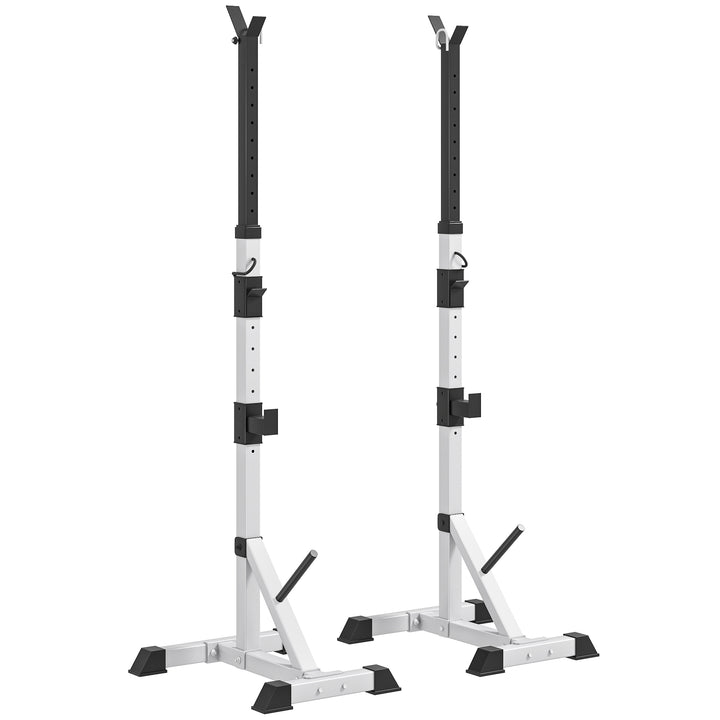 Soozier 2-Piece Barbell Rack, 53.5"-69.3" Height Adjustable Squat Rack Bench Press Rack, 440LBS Capacity
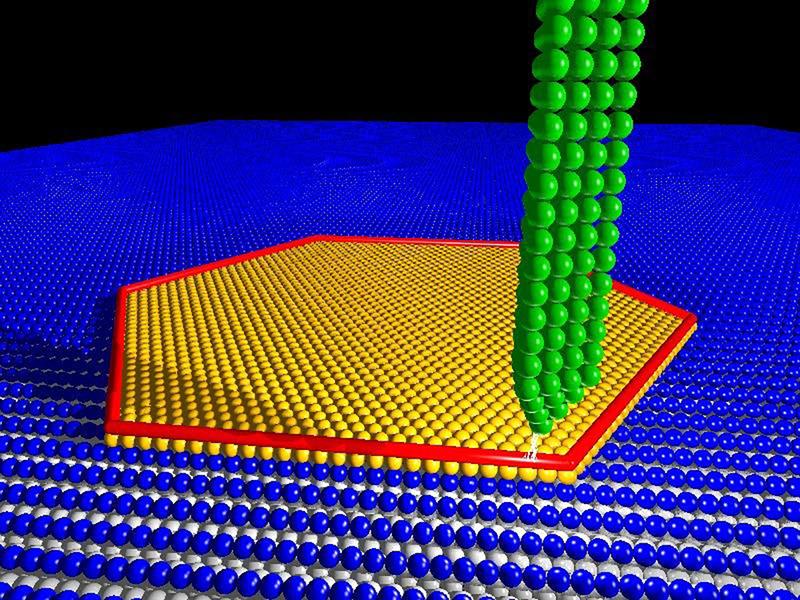 Illustration of an atomically high iron island (yellow) on a superconducting rhenium crystal and with the Majorana edge state (red) at the periphery. 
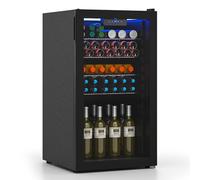 COSTWAY 78L Under Counter Drink Fridge, 116 Can Quiet Frost Free Fridge with LED Light, 4 Adjustable Removable Shelves, Glass Door & Temperature Control, Freestanding Wine Beverage Cooler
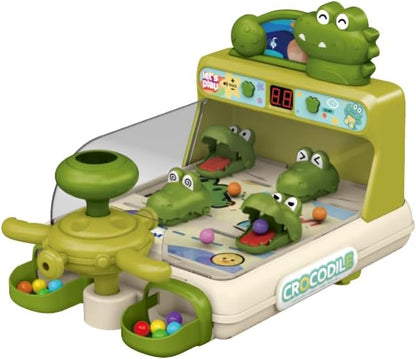 Dinosaur Crocodile Pinball Machine Board Kids Games Interactive Electronic Toys for Toddler Board Games Ages 3-5 Year Old Boy Birthday GiftBaby Toy for Early Learning (Green) ﻿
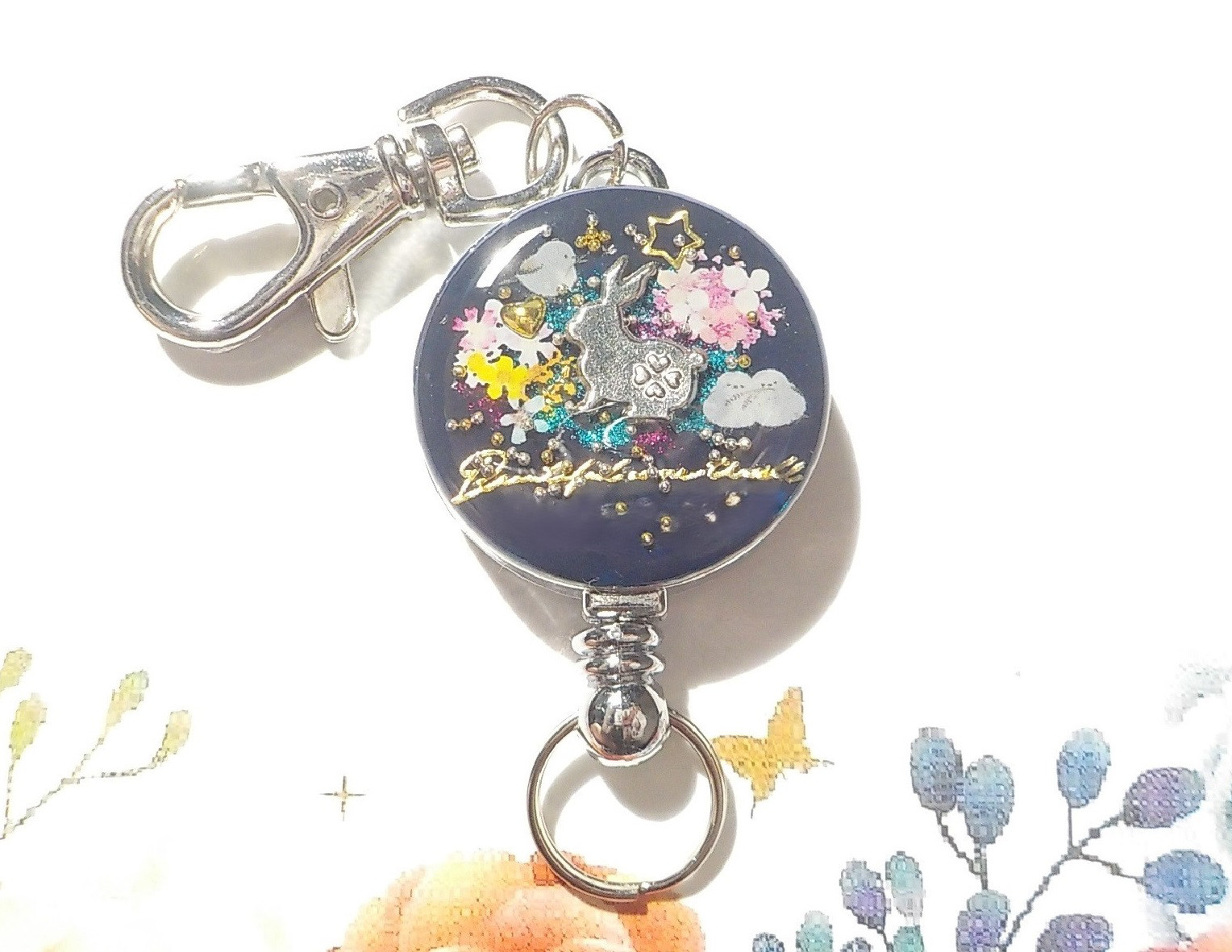 再販】レジンアクセサリー レジンキーホルダー シマエナガ うさぎ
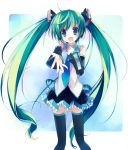  aqua_eyes aqua_hair bad_id collaboration detached_sleeves hands hatsune_miku headset highres long_hair lucie necktie outstretched_arm outstretched_hand reaching skirt solo thigh-highs thighhighs twintails very_long_hair vocaloid yudesoba zettai_ryouiki 
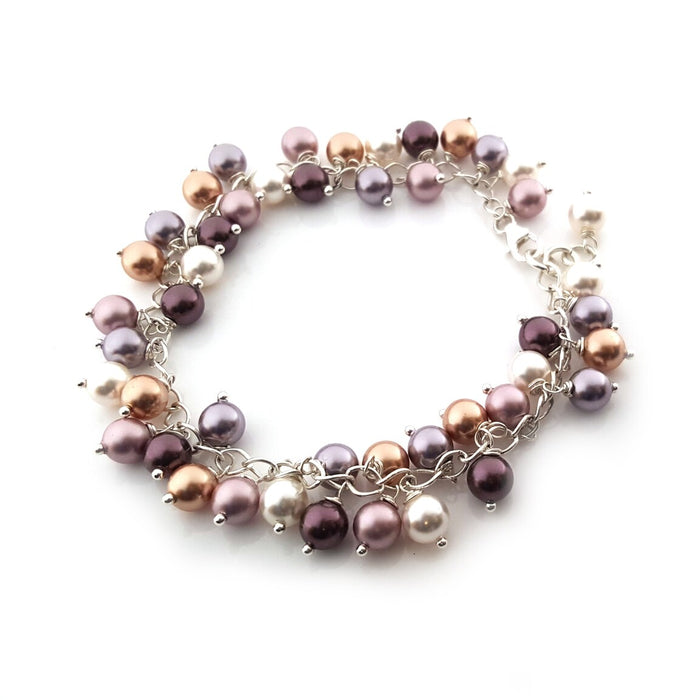 Swarovski Crystal Glass Pearl Cluster Romantic Bracelet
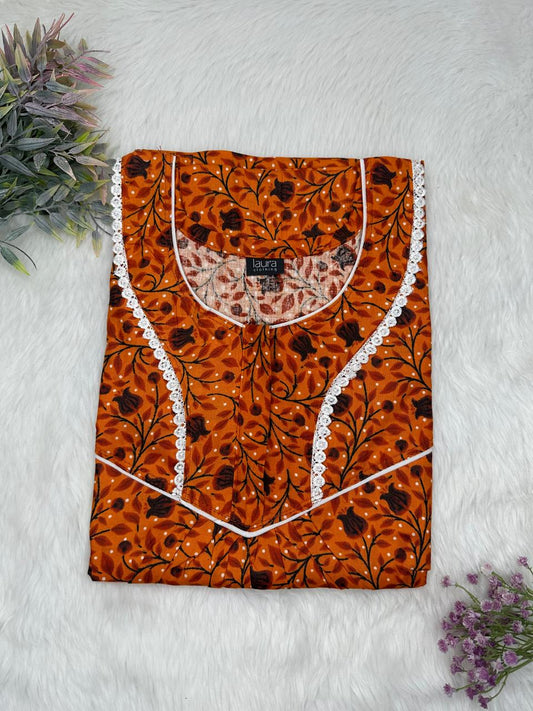 Burnt Orange Printed Round Neck Normal Zip Pure Cotton Nighty Free Size Short Sleeve (Suits for bra size 34″- 40″ | 54-56 inch length)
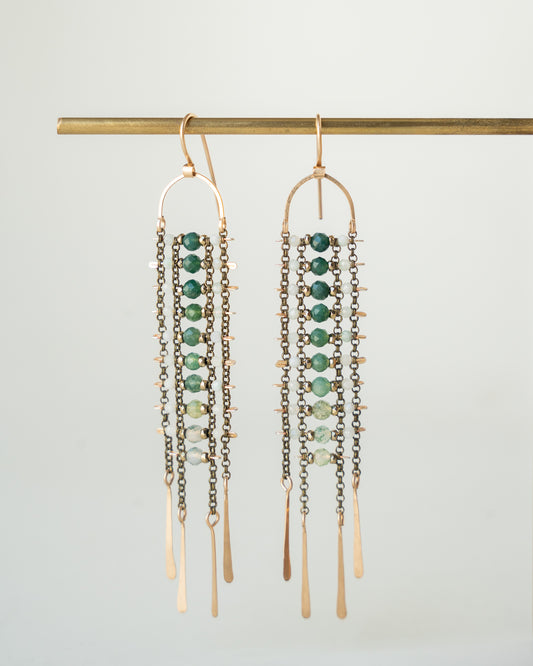 Green Jasper, Pyrite Sky Dancer Earrings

━━━━━━━━━━━━━━━━━━━━━━━━━━━━━━

* _Exercise details_
Everything from the line containing "再販】レジンアクセサリー レジンキーホルダー シマエナガ うさぎ" through the last line of the entries must be repeated verbatim, except pictures.

* _Expected answer_
 再販】レジンアクセサリー レジンキーホルダー シマエナガ うさぎ
  aqua_eyes aqua_hair bad_id collaboration detached_sleeves hands hatsune_miku headset highres long_hair lucie necktie outstretched_arm outstretched_hand reaching skirt solo thigh-highs thighhighs twintails very_long_hair vocaloid yudesoba zettai_ryouiki 
 Swarovski Crystal Glass Pearl Cluster Romantic Bracelet
 Burnt Orange Printed Round Neck Normal Zip Pure Cotton Nighty Free Size Short Sleeve (Suits for bra size 34″- 40″ | 54-56 inch length)
 Green Jasper, Pyrite Sky Dancer Earrings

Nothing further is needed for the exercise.